We, Lucent, had a contract to add fiber to the curb, here in California, the Pronto project, we had a 3rd level manager dedicated to it, they began on Southern California… We had tons of reels of fiber, coax, amps, power units, all manner of need hardware. But they underestimated the trenching costs, badly, real badly, then the beairocracy of Permits in all the cities, towns turned into a night mare, so in the end only some new construction areas were built up, the bulk collapsed, some of the project did add fiber out to residential or business hubs, but the rest collapsed, all the materials scrapped or sold cheap, the project manager gave up, retired… Poof…

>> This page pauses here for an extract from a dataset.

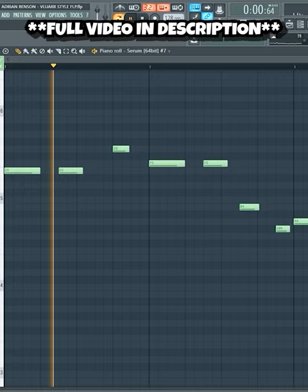And lastly a lead melody. We're gonna add some synth shots on top of the lead.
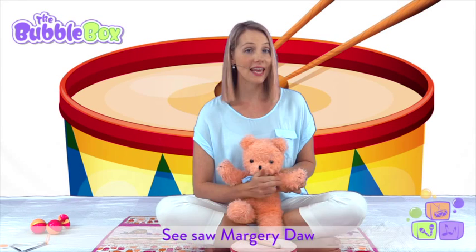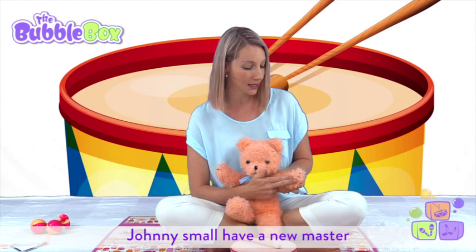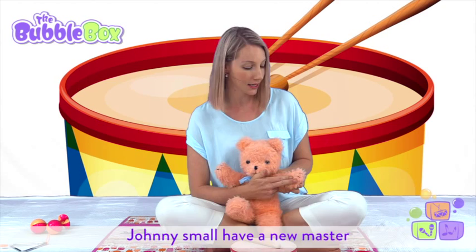See saw Marjorie Daw, Johnny shall have a new master. He shall earn but a penny a day because he can't work any faster.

Trenching in an city, town is hazardous if not done very carefully, as in hand digging unknown situations…

So I have Xfinity over coax, I think they have fiber out to distribution hubs, it’s been pretty solid, but they do have outages from time to time… that’s when the iPhone on Verizon comes in handy, keeps on going… So new we’ve two new ones, and I have a bin of old phones, a home with old copper wiring, unused… Pay a lot for the Xfinity with all the added premium and sports channels… Cell cost is fair, we keep the monthly cost down by buying the iPhones every few years, like the computers at some point they need upgrading…

I’d imagine a new home should be set up, wired for ethernet or fiber, just in case, as well as coax for CATV… But a decent mesh wifi network should be there, too, all our recent appliances, thermostat, drip system, even the RAV4 rely on WiFi connections…

A complex world today, my parents can’t imagine where we are today, technically…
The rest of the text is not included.